"Nous nous plaignons lorsque nous lisons les histoires des camps du siècle dernier, ceux des nazis, ceux de Staline […]. Cela se produit aujourd’hui sur des rivages tout proches". La deuxième journée chypriote du pape François, ce 3 décembre, s’est conclue sur ces mots très forts du pontife comparant certains camps de migrants à des camps de concentration, dans un discours largement improvisé à Nicosie, devant des réfugiés chrétiens. Le Pape n’a pas mâché ses mots en visant les "tortures" infligées aux migrants, et les "fils barbelés" qui expriment de la "haine".
Dans la petite église Sainte-Croix de la capitale, située sur la ligne verte de Chypre, à deux pas de la haute muraille de pierre séparant le territoire grec et le territoire turc depuis 1974, le pape a aussi médité sur le "rêve de Dieu", celui "d’une humanité sans murs de séparation, libérée de l’inimitié, avec non plus des étrangers mais seulement des concitoyens". "Dieu nous parle à travers vos rêves", a-t-il ajouté à l’attention des migrants qui participaient à ce temps de prière œcuménique, au milieu de l’assemblée de 250 personnes, catholiques, orthodoxes, ou encore évangéliques.

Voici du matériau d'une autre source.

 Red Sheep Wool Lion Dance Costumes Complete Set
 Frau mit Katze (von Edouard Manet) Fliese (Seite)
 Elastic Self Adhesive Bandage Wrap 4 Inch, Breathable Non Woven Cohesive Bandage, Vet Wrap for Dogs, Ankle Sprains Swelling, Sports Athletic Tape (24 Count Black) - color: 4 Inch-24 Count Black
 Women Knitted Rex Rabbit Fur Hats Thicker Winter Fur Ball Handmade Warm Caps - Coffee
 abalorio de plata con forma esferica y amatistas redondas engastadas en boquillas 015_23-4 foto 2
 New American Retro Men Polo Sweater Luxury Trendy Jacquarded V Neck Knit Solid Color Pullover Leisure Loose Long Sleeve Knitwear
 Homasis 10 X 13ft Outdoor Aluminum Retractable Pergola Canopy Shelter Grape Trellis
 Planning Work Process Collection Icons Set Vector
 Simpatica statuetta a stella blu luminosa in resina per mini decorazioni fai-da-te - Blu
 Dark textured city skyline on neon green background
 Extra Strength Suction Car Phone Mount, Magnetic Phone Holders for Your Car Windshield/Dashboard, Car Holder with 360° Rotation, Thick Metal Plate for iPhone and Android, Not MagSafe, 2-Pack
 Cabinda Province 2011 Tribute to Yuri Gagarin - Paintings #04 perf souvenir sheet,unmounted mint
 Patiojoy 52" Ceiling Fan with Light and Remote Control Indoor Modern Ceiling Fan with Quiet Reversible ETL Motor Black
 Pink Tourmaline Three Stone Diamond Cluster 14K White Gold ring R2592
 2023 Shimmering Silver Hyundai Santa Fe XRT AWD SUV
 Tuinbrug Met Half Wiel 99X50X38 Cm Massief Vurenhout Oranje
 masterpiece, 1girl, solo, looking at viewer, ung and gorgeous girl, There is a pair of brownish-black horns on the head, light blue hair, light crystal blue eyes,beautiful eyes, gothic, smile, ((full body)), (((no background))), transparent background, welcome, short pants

C’est d’ailleurs sous le signe du dialogue entre chrétiens qu’avait débuté cette journée puisque le chef de l’Église catholique a été reçu tôt ce matin par l’archevêque orthodoxe de Chypre Chrysostome II. Cette rencontre s’est poursuivie dans la cathédrale orthodoxe de la ville, avec le Saint-Synode chypriote. Dans des propos très engagés, le chef orthodoxe y a dénoncé "un plan de nettoyage ethnique" de la Turquie, demandant l’aide de l’évêque de Rome pour récupérer des biens culturels religieux perdus après l’invasion turque de 1974. Le pape François, qui avait évoqué ce sujet délicat la veille, a quant à lui plaidé pour une véritable écoute entre confessions chrétiennes, demandant à ses "chers frères" d’aider les catholiques à mieux vivre la dimension synodale de l’Église.
Si nous restons divisés entre nous [...] nous ne pourrons pas guérir pleinement de nos aveuglements.
Au cours de cette matinée chargée, le pontife argentin a célébré une messe au stade de Nicosie, pris d’assaut par 10.000 fidèles, dont de très nombreux Libanais venus pour l’occasion, arborant fièrement leurs drapeaux dans les gradins. Là encore, le pape François a appelé la petite communauté catholique de l’île, aux origines très diverses, à l’unité : "Si nous restons divisés entre nous, a-t-il averti, si chacun ne pense qu’à lui-même ou à son groupe, si nous ne nous rassemblons pas, nous ne dialoguons pas, nous ne marchons pas ensemble, nous ne pourrons pas guérir pleinement de nos aveuglements." La guérison se produit "lorsque nous faisons face à nos problèmes ensemble", a ajouté le pontife, mettant en garde contre l’illusion du péché qui "nous fait voir Dieu comme un patron et les autres comme des problèmes".
Et pour couronner la journée, en résonance avec l’appel d’une jeune mère de famille irakienne, qui, s’agrippant au pape, lui a demandé de lui donner asile à Rome, le Saint-Siège a confirmé qu’une douzaine de migrants seraient accueillis en Italie d’ici la fin de l’année, sur initiative du pape argentin.